I have found that generally, planting anything at the base of corn interferes with hilling and fertilizing. Its much easier if you can just pull up soil to hill, and hoe to weed and side dress.
For that reason, I prefer to plant my legume crop BEFORE (previous to) corn. So far my favorites are peas and fava beans. I plant them in double rows with wide enough spacing so that a double row of corn can be planted in between the legume rows when they are producing or just about ready to start harvesting. Ideally corn is ready to be hilled when the legumes are finished.
Something short season could be sown after corn has been hilled. I've tried bush beans and that works. I think peanuts would be too long season. Corn would be done way before, and the peanuts may prevent or interfere with clean up. Plus, in removing the stalks, even if you were to just cut them close to the base, you could accidentally damage the fragile peanut plants. I also think the bulky and octopus/stilt-like aerial roots of the corn could even block peanuts from burrowing properly ...they take up a wide area. I agree, too, that the corn might cast too much shadow.
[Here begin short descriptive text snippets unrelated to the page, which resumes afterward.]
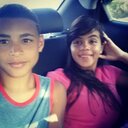 Ian Xavier Rodriguez - @IanXavierRodrig - Twitter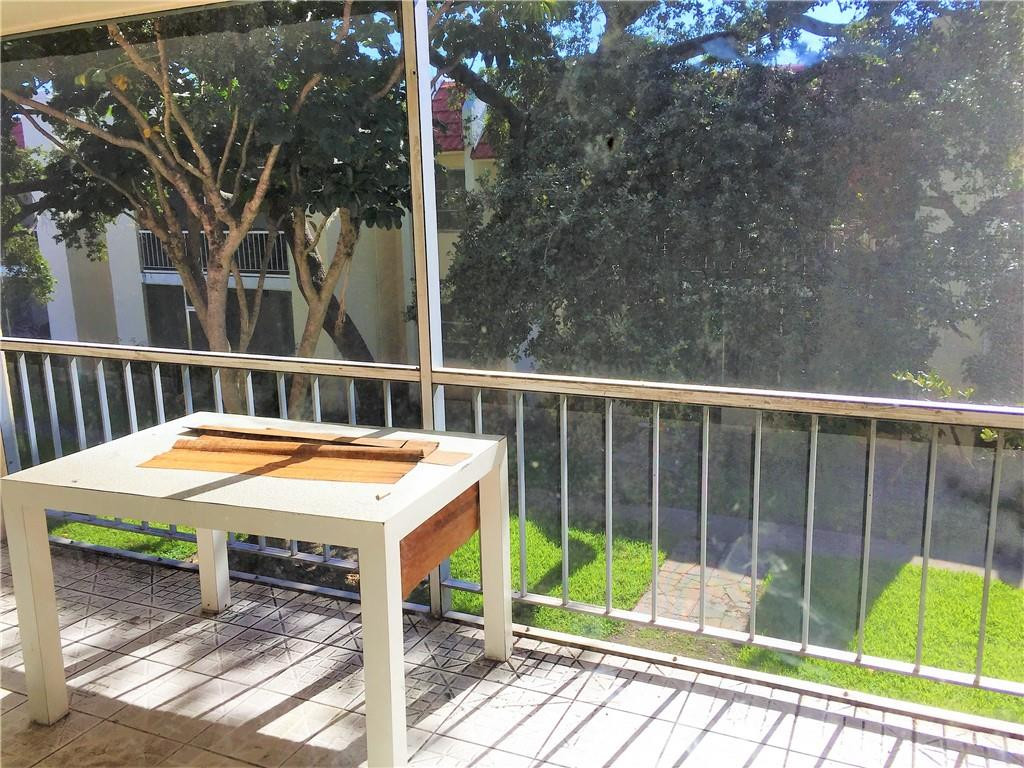 612 Northwest 13th Street, Unit 22 Boca Raton, FL 33486 - Photo 3 of 7 Photo 3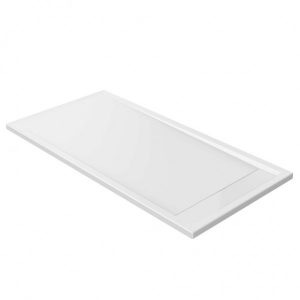 Receveur de Douche Ideal Standard Rectangulaire Strada 180×80 cm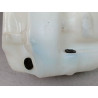 RESERVOIR LAVE-GLACE AVANT PEUGEOT 307 CC 2P Phase 1 2003-2005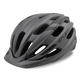 Kask rowerowy GIRO Register MIPS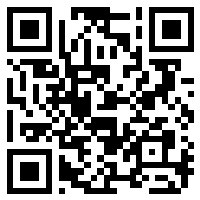 QR Code for 18vYRHT8vchPPjLG72s4vQSKAsP8SQsWMH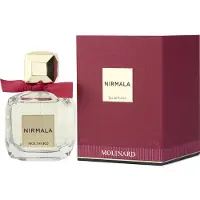 Molinard - Nirmala Eau de Parfum EDP 75ml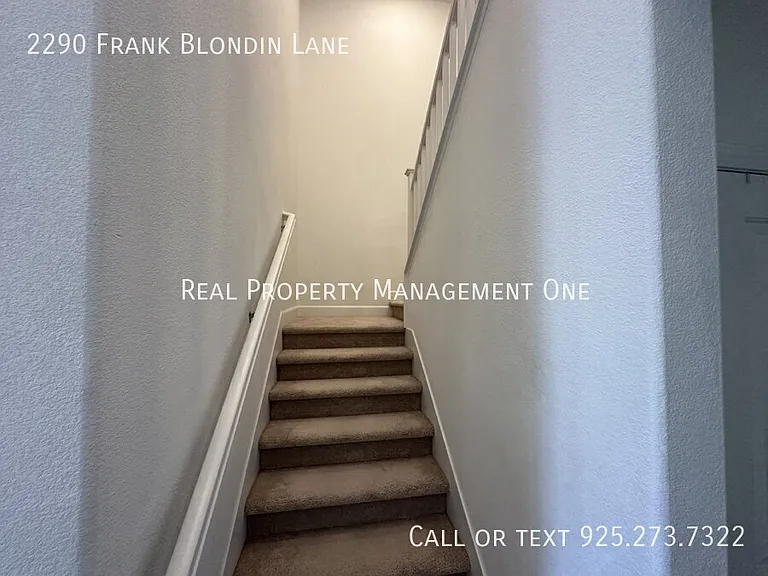 2290 Frank Blondin Ln — Photo 22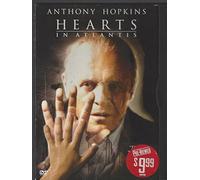 Hearts in Atlantis
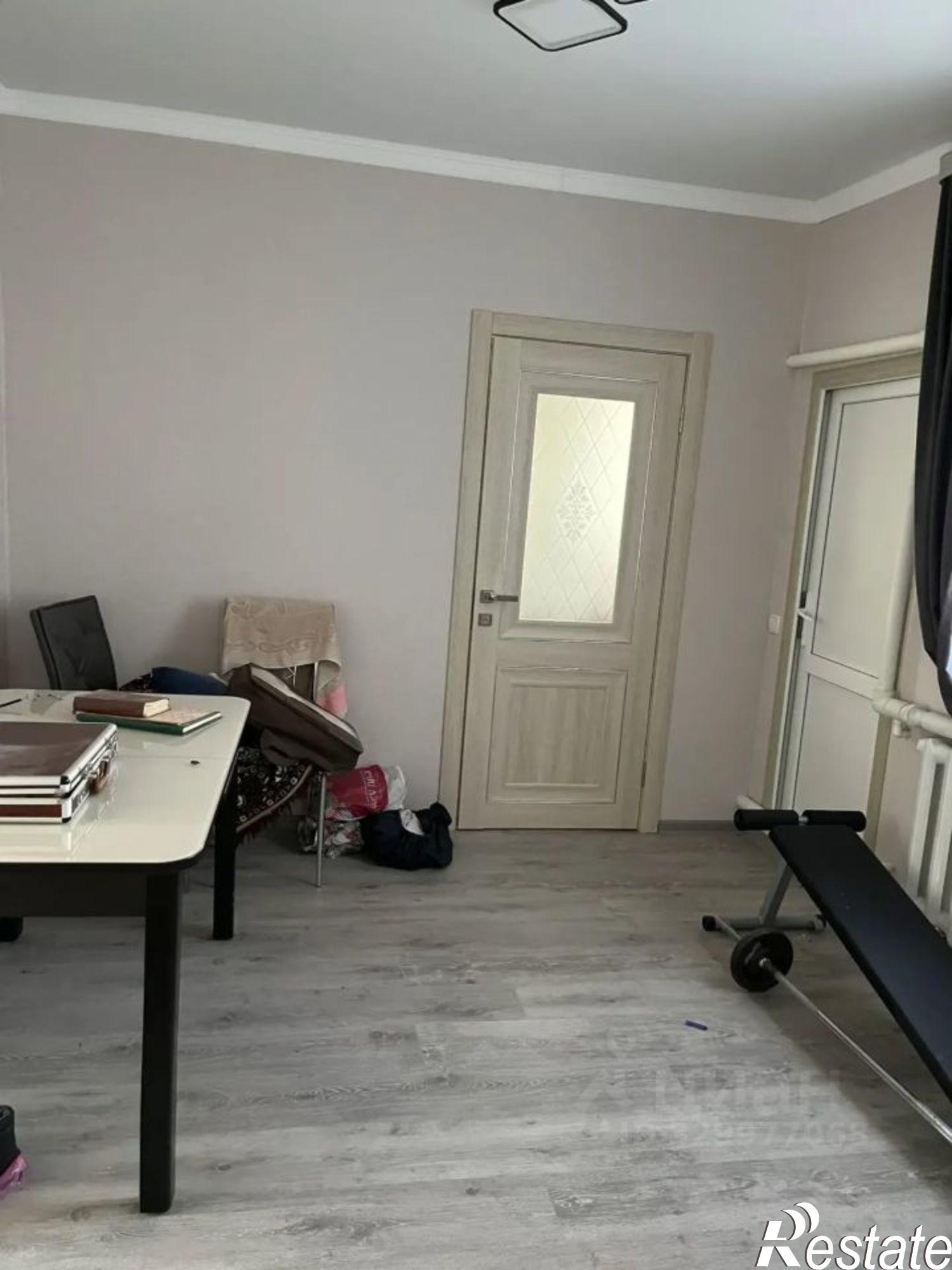 Купить дачу, дом, коттедж за 900 000 рублей на ул Клубная, 28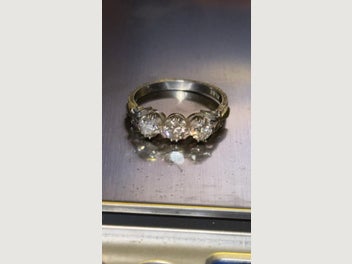 Image 1 of 11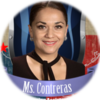 Small_1536172450-contreras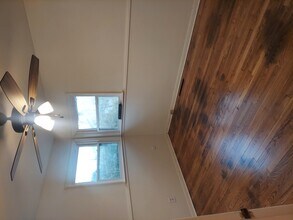 1915 23rd St in Rockford, IL - Building Photo - Building Photo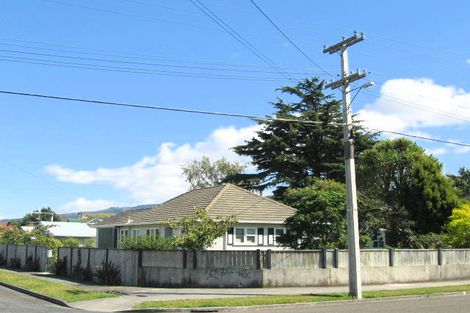 Photo of property in 18 Melrose Street, Wallaceville, Upper Hutt, 5018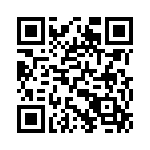 1086491-1 QRCode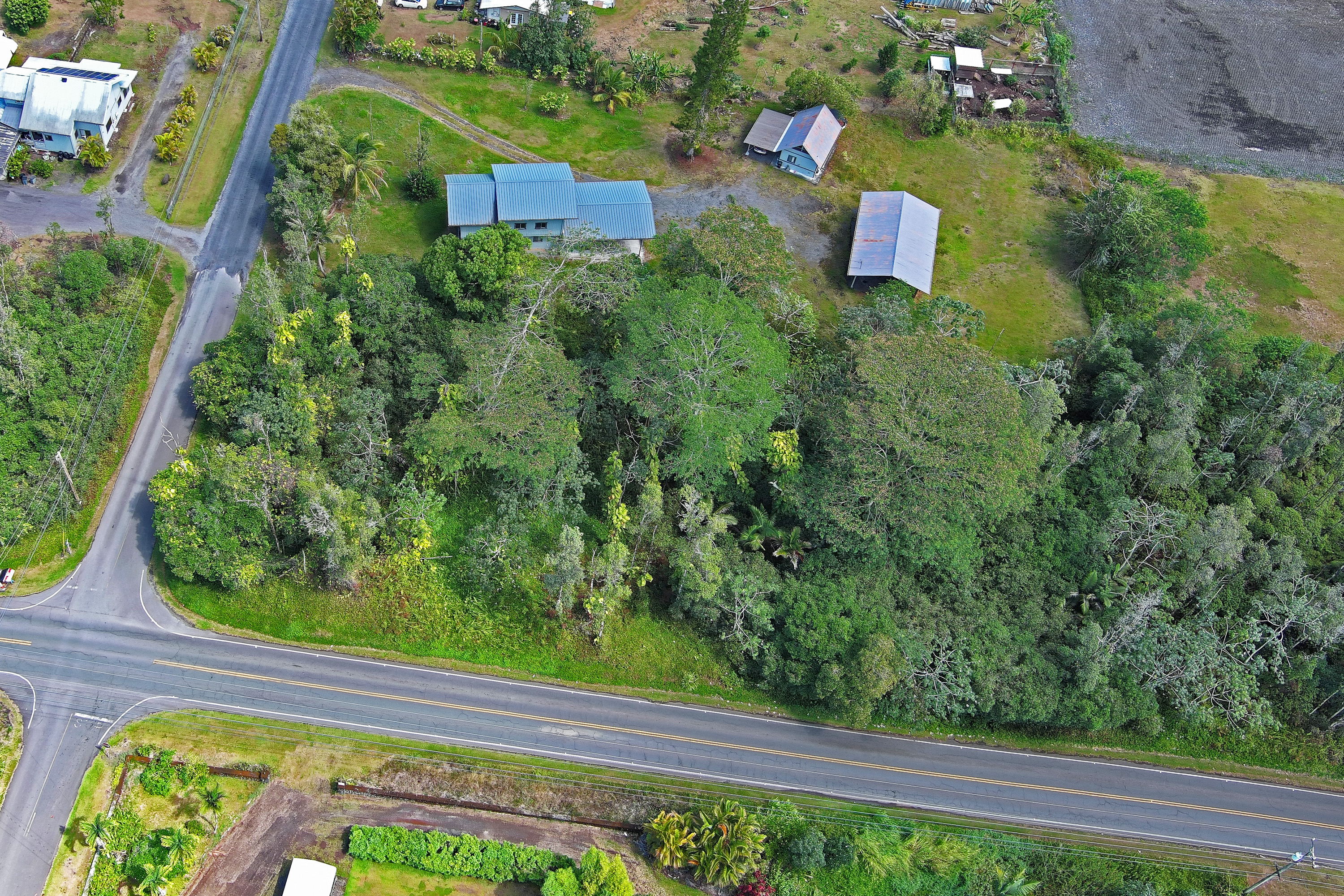 Makuu Dr Property Photo 15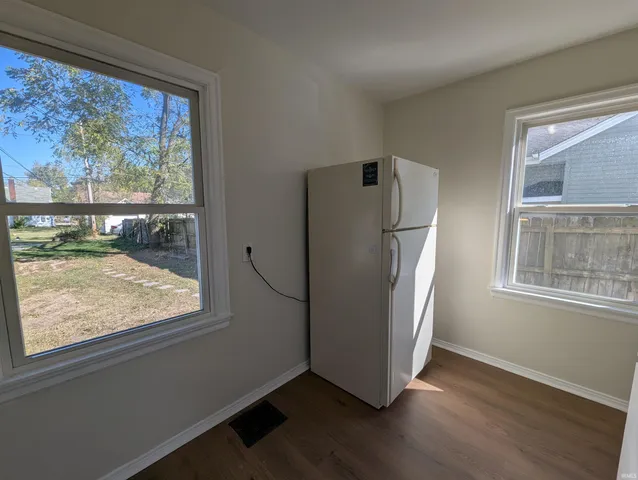 $99,900 | 801 McKinnie Avenue, Fort Wayne, IN 46806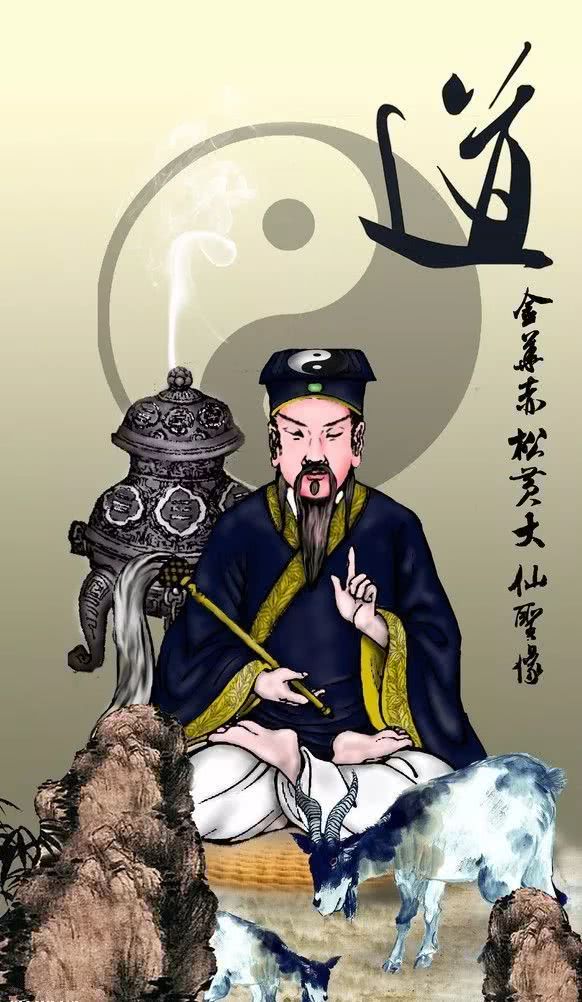黄大仙精难大全正版资料,富强解释解析落实
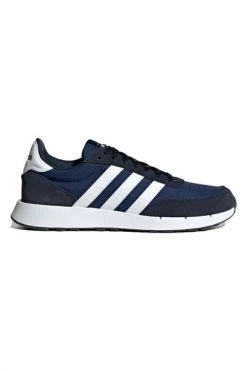 Adidas SNEAKERS Blue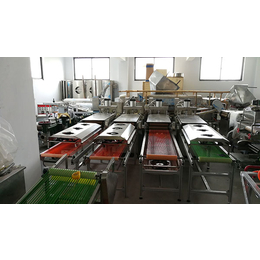 【通利食品机械】,黄山烙馍机,黄山烙馍机生产厂家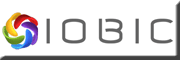 Community - Works<br>Alexander Koch Ebsdorfergrund Community - Works<br>Alexander Koch Ebsdorfergrund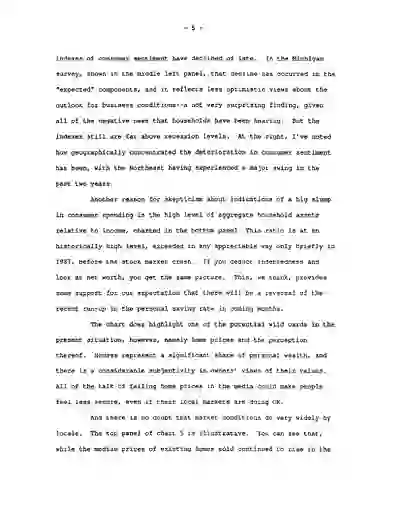 scanned image of document item 16/63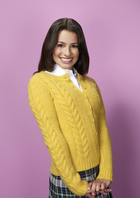 Lea Michele : leamichele_1290354718.jpg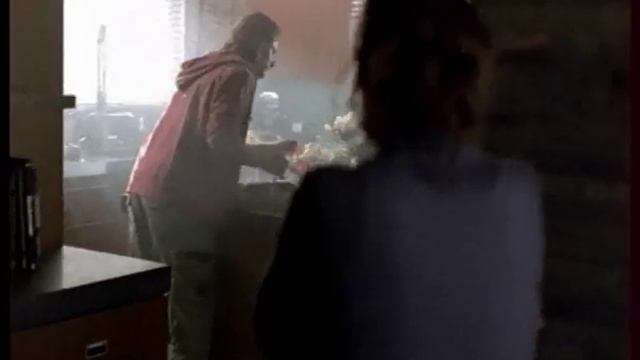 Кофе Jacobs Monarch: Аромагия сближает! (2011) смотреть онлайн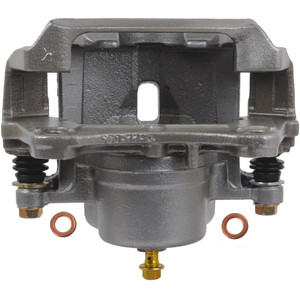 Disc Brake Caliper - 18-P4910A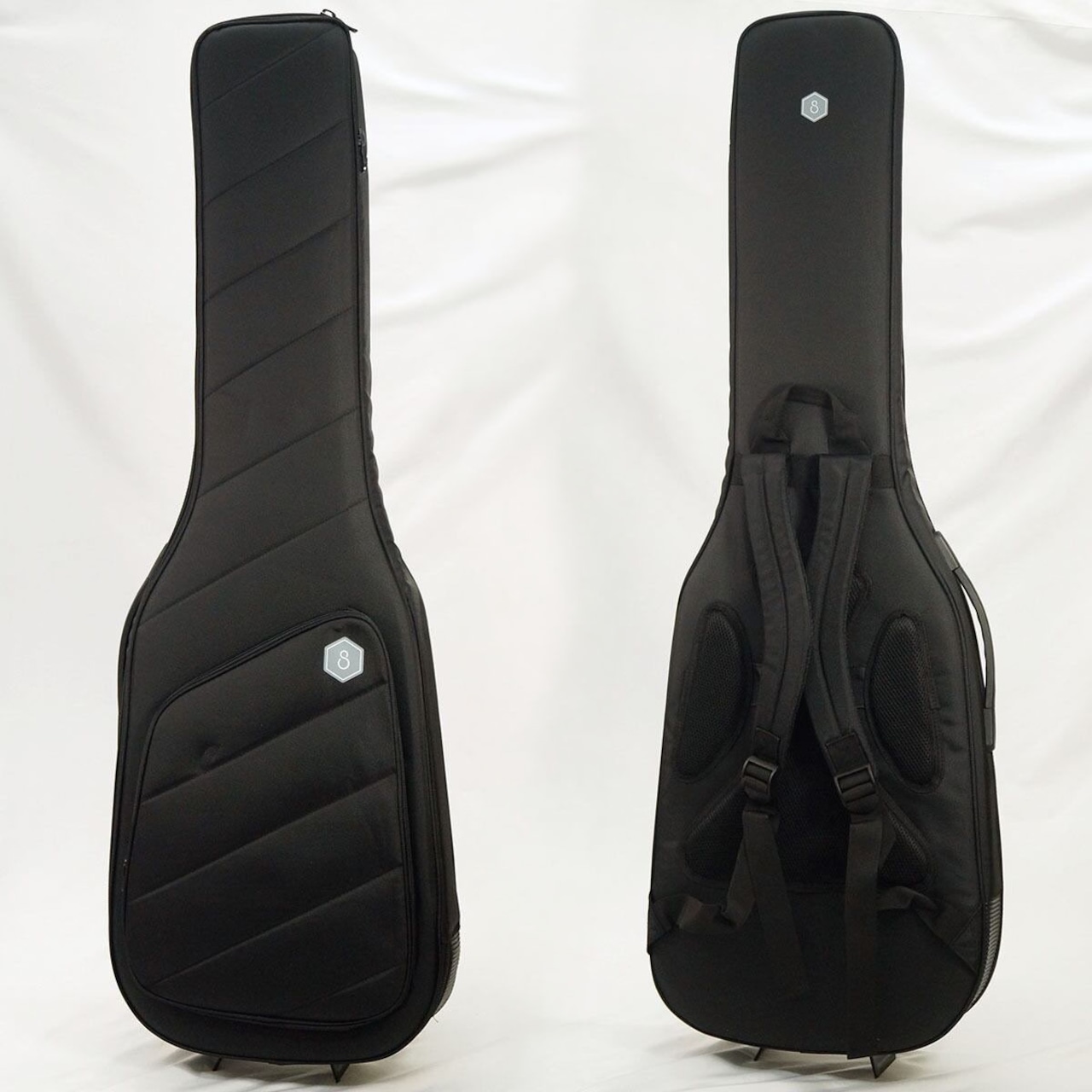 Sire Marcus Miller V5 Alder-5String (VWH/Vintage White) [アルダーボディー＆ローステッドメイプルネック採用 5弦パッシブベース] [アウトレット特価品] 【お買い得セール品】
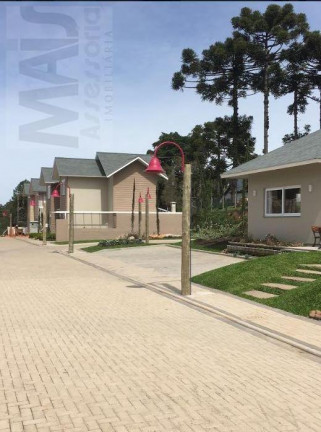 Imagem Casa com 2 Quartos à Venda, 106 m² em Centro - Canela Imagem Casa com 2 Quartos à Venda, 106 m² em Centro - Canela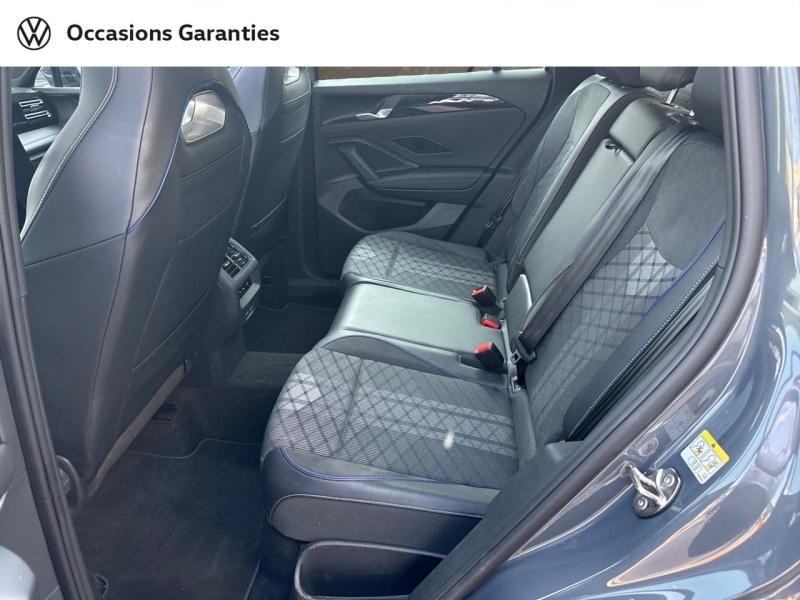 Voitures occasions VOLKSWAGEN TIGUAN R-Line Edition Villemomble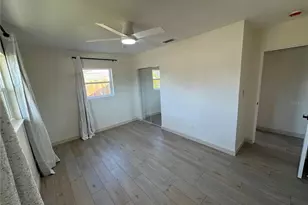 1500 Carson Cir NE, Saint Petersburg, FL 33703 - Photo 29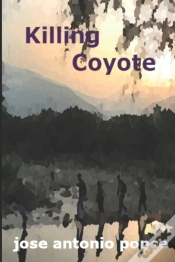 Capa do artigo Killing Coyote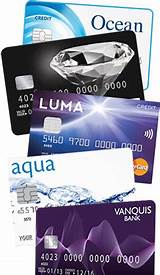 Pictures of Credit Cards For People With Very Poor Credit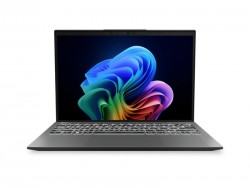 Laptop MSI Prestige 13 AI+ Evo A2VMG-040VN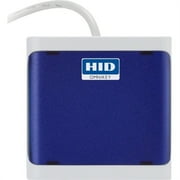 Hid Global Eat Omnikey R50220318-DB Contactless High Frequency Smart Card Reader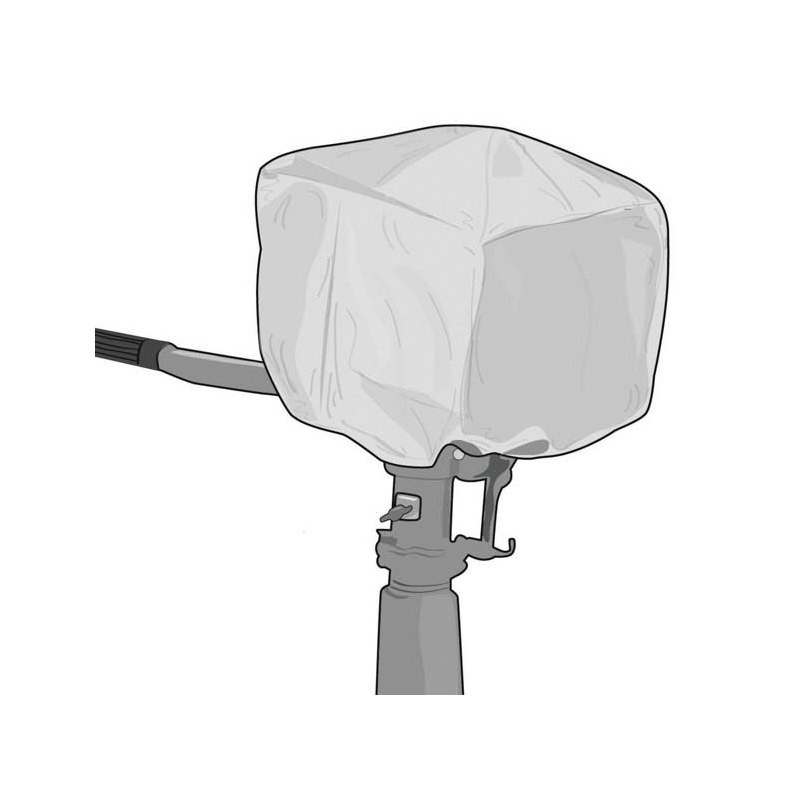 Engine Cover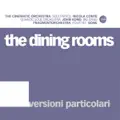 Phunky (the Dining Rooms Original Mix)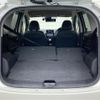 nissan note 2015 -NISSAN--Note DBA-E12--E12-439827---NISSAN--Note DBA-E12--E12-439827- image 23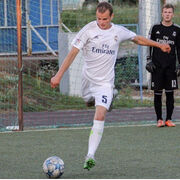 ���������� ������, ���� ������� �����, 34 ����, ������������ ��� ������, ����� � ���������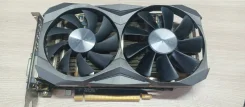 GeForce GTX 1080 ����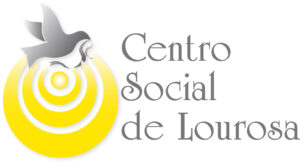 CentroSocialLourosa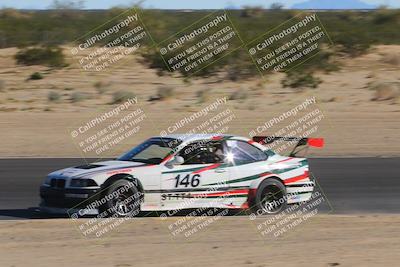 media/Nov-12-2022-Nasa (Sat) [[1029d3ebff]]/Race Group C/Race 1 (Set 3)/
Pole beans are better used with flour or popcorn that will take full season to mature. The corn also need to be sturdy tall variety. I've tried squash under the corn -- vigorous varieties will try to climb the corn. In either case, in my tiny patches of corn, anything climbing the corn can block proper pollination.
A companion crop I'd like to try with corn is one of the mushrooms that can grow in wood chip or straw mulch.
...heh... I think I started to ramble -- I hope I was clear enough.